## Task to carry out
Repeat the listing word for word, but skip any pictures.

## Input data
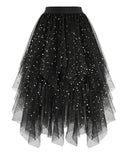 Women's Red and Black Gothic High-Low Tulle Skirt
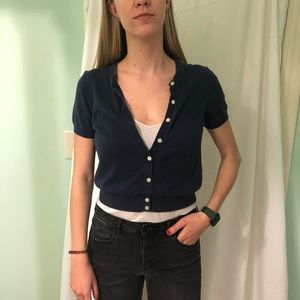 Cropped navy cardigan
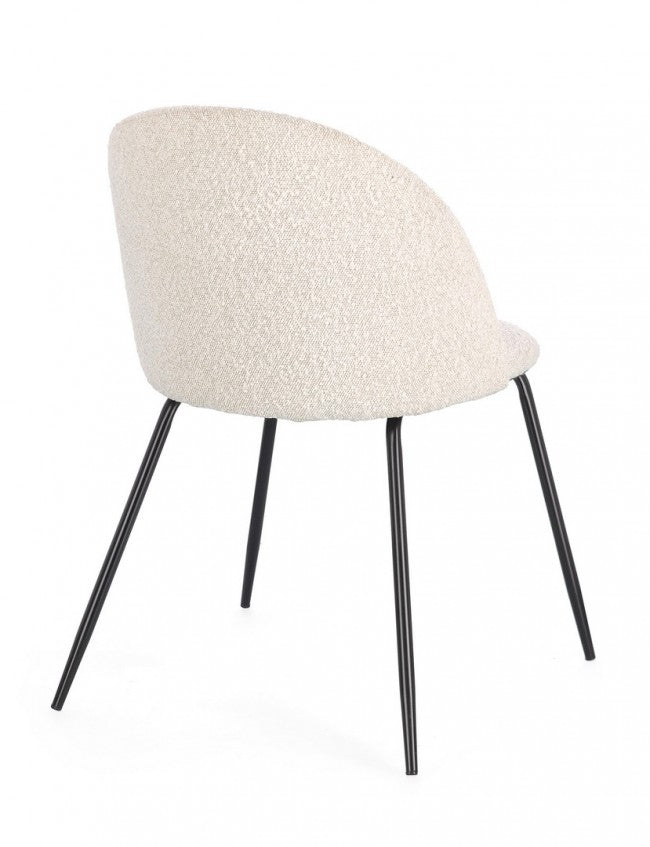 4x Sedia nera/avorio 49x55x77h 46h1 in bouclé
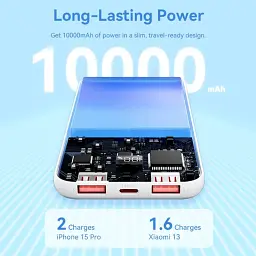 Універсальна мобільна батарея Vention 10000mAh PD QC 3.0 White (FHKW0) - мініатюра 9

## Written solution
 Women's Red and Black Gothic High-Low Tulle Skirt
 Cropped navy cardigan
 4x Sedia nera/avorio 49x55x77h 46h1 in bouclé
 Універсальна мобільна батарея Vention 10000mAh PD QC 3.0 White (FHKW0) - мініатюра 9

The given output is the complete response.